Q&A: ‘Problemista’ cast, crew detail their love, pride for movie


Mimi Calzada, Life&Arts Desk Editor

The Daily Texan took to the “Problemista” red carpet for its SXSW premiere Monday to interview the cast and crew. The film follows a young El Salvadoran immigrant living in New York City with dreams of becoming a toymaker. Read the Texan’s review here.

The Daily Texan: When you were writing the music for the film, was there a tone or mood you were trying to evoke?

Robert Ouyang Rusli: There’s a lot of neoclassical (and) modern classical music influence. There’s a lot of darker synthesizer sounds that come in (and) weird sound effects that make their way into the score, like glitching computer sounds, because the film is all about this hellscape bureaucracy. We tried to incorporate all these eclectic sounds into this one sound.

DT: Was the creative process difficult, or did it come easy to you?

ROR: We worked on it for a full year; it was not easy all the time. But working with Julio, we both feed off of each other’s energy where nothing is too ridiculous of an idea. He trusts me to figure out what’s right for the scene. He never told me exactly what to do. He trusts me to interpret the world of the film, and it worked out really well. 

DT: What do you hope audiences take away from this movie?

James Scully: Practically speaking, we all (should) think more about the immigration process and what that’s like for the people who have to go through it. I hope the New Yorkers who watch the movie think more about the deep inner lives of the people they see on the train or on the street. The spirit of the movie is finding self-discovery and worth in life’s little problems. I think that’s a lesson we could all embrace because life is always going to be full of problems. And it’s definitely a film about characters who are getting in their own way. I think we could all afford to look at ourselves and be like, “When am I not setting myself up for success? When am I choosing chaos instead of choosing peace?”

DT: How did you come to know about this script, and what was attractive about it?

Tilda Swinton: I am in the very fortunate position that they just sent it to me. I knew Julio’s work; I could not believe it. I went, “There’s a script by Julio Torres?” And then I read it, and I just loved it.
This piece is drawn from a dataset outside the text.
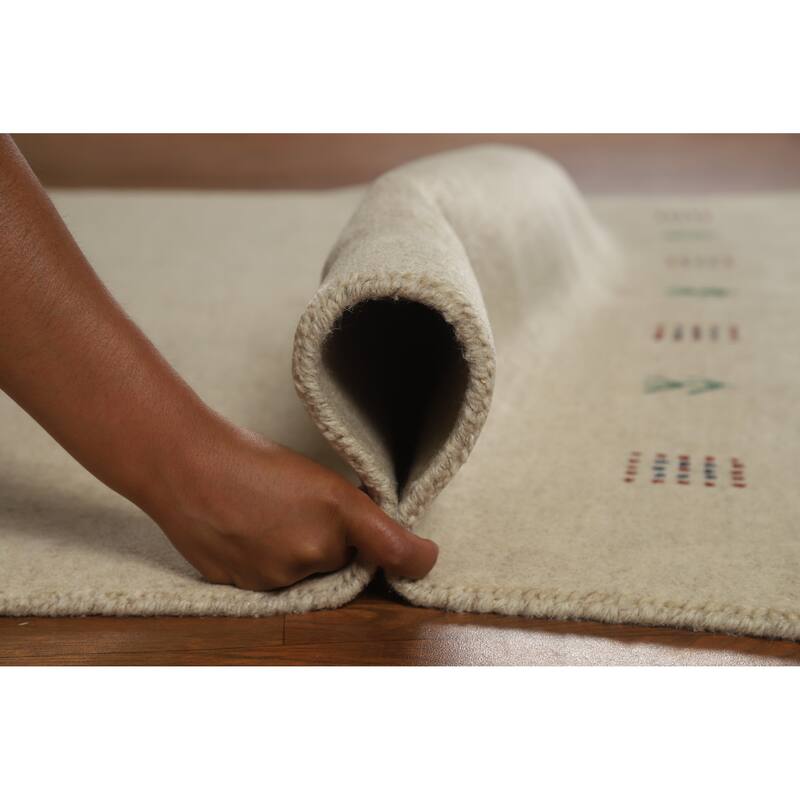 Hand Knotted Oriental 100% Wool Carpet Tribal Tribal Beige & Ivories Gabbeh Area Rug - 7' 4'' X 5' 2''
The script was phenomenal, and I just (had) to be involved. And then of course, I met (Julio) and fell in love with him, and we’ve been together ever since. 

DT: As writer, director and star of the film, you have almost complete creative control. Which of your three roles did you have most fun with?

Julio Torres: I would put writing and directing next to each other. I love building worlds. I love bringing people together and making something that I’m proud of. 

DT: What about the film are you the proudest of?

JT: To get to do things my way and to get to do things with people who I admire. To get to do things with the people that I want to champion or people that I respect. And to get to do something as stressful as a movie but have fun doing it.